In no particular order:
(1) It sounds like you're nagging/pushing. STOP. I pushed a little hard when I discovered MMM and showed it to my bf, now I'm pretty sure he'll never read it. And we had been together longer. I sometimes share with him the most ridiculous "antimustachian" posts from this forum so we can laugh about them, and leave it at that.
(2) You sound like you're unhappy that he isn't doing what you're telling him; maybe that's an incorrect reading, but that's what's coming through the page to me. If that's the case, you need to internalize the concept that he is an independent adult that makes decisions based on his own experiences, preconceived beliefs, and the facts presented to him. Sometimes, he will draw different conclusions from you, even given the same information (and this pertains to more than money). Sometimes it's ok to let it go or find a compromise; if it's not imminently endangering your well-being or showing unfathomable stupidity.
(2b) Unfathomable stupidity is skipping your CC and SL payments to go gamble your whole paycheck away in Vegas, and then some. Buying a car at 29% interest for 7 years. Your dude sounds like he's making regular payments and his card isn't perpetually maxed out; sounds like his worst sin is it sometimes has a balance (yes, I think that's worse than buying a new car or even partially financing it). It sounds like he has *some* notion of financial responsibility, and I think you could work with that. Slowly and gently.
(3) Is your primary goal/reason for this relationship to have someone to pool finances and sock money away with? Obviously for some it's a top priority (see above). But IMO, it's more important to have someone who can enjoy the simple things with you--a good hike, a homemade meal, a conversation about a book, your laugh, stargazing, a roadtrip. Talk sometime about what his idea of a good life is, who he wants to be. CEO with a private jet and a collection of sportscars? it's possible it won't last. Comfortable life, security, free time, putting his kids through college? He'll probably come around with time.
(3b) If there is hope, find things you both find ridiculously extravagant, for common ground. Find ideals that you share and bring your communal choices back to that instead of frugality (e.g. environmentalism). You can't use a common future to convince him because you don't have one yet; you need to find common ground in the now.

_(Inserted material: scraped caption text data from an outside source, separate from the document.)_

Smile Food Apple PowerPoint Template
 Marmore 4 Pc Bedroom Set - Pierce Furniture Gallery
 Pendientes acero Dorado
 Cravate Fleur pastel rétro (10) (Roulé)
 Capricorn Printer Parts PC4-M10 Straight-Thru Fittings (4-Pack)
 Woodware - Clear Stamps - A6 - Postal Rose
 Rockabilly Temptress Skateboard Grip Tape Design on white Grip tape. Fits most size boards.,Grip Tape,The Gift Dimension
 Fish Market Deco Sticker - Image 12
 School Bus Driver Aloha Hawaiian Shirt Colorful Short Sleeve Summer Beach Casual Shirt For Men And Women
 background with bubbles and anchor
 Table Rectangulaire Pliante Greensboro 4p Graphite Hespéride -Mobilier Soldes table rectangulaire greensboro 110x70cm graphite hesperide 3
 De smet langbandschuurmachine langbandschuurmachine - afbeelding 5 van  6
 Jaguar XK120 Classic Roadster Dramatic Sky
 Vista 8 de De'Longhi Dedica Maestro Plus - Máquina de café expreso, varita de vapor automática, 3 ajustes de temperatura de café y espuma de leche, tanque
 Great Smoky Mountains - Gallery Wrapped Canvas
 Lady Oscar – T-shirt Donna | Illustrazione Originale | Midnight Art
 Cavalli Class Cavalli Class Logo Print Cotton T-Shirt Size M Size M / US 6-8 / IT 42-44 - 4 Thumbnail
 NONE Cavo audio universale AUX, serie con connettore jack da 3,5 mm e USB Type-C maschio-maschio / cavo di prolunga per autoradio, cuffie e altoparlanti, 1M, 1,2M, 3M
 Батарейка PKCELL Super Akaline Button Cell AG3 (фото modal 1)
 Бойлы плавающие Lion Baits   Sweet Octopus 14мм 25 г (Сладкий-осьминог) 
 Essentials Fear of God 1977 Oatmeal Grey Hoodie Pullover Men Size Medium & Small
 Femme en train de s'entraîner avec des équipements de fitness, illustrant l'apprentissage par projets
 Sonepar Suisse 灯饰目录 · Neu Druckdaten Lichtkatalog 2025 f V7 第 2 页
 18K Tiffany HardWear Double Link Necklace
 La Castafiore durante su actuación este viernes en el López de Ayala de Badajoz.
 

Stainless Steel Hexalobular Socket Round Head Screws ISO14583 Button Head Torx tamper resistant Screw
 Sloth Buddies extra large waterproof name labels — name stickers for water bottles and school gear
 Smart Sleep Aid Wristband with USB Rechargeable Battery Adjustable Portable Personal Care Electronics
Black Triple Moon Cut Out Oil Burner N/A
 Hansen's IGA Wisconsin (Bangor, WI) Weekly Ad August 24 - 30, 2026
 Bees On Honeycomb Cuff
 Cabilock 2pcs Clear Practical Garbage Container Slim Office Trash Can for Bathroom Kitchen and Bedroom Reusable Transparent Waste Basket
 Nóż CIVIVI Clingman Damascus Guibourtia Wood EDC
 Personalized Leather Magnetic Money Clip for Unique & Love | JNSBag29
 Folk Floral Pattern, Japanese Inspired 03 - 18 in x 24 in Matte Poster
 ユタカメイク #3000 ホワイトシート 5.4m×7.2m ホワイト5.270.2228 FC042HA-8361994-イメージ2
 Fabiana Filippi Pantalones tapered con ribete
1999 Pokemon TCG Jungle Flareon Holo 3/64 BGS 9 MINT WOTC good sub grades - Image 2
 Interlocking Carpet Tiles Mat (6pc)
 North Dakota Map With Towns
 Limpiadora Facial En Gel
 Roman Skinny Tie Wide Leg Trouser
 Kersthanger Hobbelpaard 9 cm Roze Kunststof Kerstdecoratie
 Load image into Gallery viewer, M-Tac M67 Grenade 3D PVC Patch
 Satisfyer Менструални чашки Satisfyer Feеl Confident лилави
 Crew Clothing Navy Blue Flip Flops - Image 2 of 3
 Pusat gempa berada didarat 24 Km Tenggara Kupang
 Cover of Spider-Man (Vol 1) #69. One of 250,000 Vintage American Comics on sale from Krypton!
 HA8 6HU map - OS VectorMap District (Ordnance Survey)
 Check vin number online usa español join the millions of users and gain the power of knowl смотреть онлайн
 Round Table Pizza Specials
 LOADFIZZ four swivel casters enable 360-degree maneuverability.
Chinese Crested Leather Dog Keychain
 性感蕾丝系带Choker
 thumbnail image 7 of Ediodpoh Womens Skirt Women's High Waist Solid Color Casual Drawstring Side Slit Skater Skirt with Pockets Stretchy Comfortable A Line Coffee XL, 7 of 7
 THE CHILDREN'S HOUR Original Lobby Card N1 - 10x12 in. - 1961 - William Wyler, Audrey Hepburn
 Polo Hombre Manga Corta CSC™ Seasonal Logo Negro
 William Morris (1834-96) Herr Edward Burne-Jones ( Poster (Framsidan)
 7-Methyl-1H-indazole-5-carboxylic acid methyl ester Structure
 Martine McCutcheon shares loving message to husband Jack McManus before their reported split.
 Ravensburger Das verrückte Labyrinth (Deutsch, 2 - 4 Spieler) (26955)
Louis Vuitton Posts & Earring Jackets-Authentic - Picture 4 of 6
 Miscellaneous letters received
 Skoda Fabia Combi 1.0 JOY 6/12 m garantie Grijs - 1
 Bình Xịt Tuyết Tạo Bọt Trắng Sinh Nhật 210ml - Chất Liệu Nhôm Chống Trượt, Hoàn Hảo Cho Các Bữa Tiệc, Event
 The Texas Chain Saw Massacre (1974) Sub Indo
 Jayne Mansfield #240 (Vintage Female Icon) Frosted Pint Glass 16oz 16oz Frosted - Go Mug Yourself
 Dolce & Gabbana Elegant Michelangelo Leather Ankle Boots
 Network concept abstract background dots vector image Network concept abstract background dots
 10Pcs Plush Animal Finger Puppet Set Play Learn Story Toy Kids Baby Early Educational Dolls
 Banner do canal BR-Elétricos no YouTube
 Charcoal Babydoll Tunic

There are people on this forum who buy new cars. Who travel intercontinentally. Who hold on to big-4 cellphone providers. Who have cable. Who have vacation houses. Who have expensive hobbies (cars, planes, horses, sailboats, "foodies," marathons, triathlons, etc). They probably aren't the ones with $10k/year budgets, and no one is doing most of the above all at once. It's not all or nothing; you can write your own philosophy and find room for compromise and for deciding that he is good enough and worth more than $X in the bank. But only you can make that choice of how far you are willing to go.